I’ve been thinking lately about the importance of churches being clear with prospective members–upfront–about what they believe.
I think we (church leaders) make a huge mistake when we give in to the temptation to hide our core beliefs from visitors to our congregations.
I think church leaders should be more clear about their core beliefs with people who are interested in joining with their congregations as members.

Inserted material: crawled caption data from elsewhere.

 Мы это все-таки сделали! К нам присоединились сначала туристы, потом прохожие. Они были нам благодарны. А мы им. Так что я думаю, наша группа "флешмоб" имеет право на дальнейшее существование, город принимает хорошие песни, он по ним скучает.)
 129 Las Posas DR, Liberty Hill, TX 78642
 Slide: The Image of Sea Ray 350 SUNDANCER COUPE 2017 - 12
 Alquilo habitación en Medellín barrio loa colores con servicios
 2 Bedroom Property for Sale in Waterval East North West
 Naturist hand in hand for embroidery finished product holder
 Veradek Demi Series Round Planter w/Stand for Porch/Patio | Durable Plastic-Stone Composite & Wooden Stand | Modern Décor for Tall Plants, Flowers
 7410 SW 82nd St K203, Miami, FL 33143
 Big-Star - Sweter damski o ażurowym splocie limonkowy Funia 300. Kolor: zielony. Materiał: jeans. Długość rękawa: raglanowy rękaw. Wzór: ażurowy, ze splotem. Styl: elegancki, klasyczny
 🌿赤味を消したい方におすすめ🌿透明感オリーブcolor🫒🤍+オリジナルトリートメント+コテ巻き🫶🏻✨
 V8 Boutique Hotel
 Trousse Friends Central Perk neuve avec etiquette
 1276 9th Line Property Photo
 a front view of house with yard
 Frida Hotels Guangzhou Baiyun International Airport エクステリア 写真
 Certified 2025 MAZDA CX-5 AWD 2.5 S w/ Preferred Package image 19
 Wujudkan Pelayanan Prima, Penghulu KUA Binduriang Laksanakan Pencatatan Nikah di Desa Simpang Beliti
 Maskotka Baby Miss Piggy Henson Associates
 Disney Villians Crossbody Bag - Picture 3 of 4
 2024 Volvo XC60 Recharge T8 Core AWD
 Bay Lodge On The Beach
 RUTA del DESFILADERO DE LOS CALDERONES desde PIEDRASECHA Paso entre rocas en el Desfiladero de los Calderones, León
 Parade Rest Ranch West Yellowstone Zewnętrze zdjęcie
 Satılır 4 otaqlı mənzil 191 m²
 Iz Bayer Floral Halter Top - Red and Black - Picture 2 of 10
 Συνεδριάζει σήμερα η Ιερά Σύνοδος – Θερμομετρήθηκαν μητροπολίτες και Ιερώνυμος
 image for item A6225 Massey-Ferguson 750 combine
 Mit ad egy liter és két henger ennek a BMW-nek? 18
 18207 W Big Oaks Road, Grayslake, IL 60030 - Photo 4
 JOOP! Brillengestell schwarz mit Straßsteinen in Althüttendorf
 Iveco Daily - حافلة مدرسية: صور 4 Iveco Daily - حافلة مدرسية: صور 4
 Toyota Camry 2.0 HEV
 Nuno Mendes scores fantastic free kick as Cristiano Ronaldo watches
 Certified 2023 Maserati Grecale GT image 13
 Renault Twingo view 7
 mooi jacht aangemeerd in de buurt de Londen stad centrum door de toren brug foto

People deserve to know the facts about what our churches truly believe before they join, but it seems to me like too many churches hide their doctrinal beliefs because they are afraid of losing–or offending–visitors, so they place their statement of faith 12 pages deep on some random page of their website or they keep it safely in some file in the back of a file cabinet in a remote corner of a dusty office next to the janitor’s closet. Afraid that they may lose members these churches treat doctrine as if it’s an unwanted impostor in the church building who must be seated in a dark corner of the sanctuary–out of the sight of the crowd–and ushered out of the building before it can make a scene.
Some church leaders seem to view doctrine as an unimportant barrier that too often keeps seekers, or displaced Christians, from considering their congregation as a viable home for both their souls and tithes, so–with the hopes of unencumbered numerical and financial growth–they subscribe to a “Don’t ask, don’t tell” membership strategy.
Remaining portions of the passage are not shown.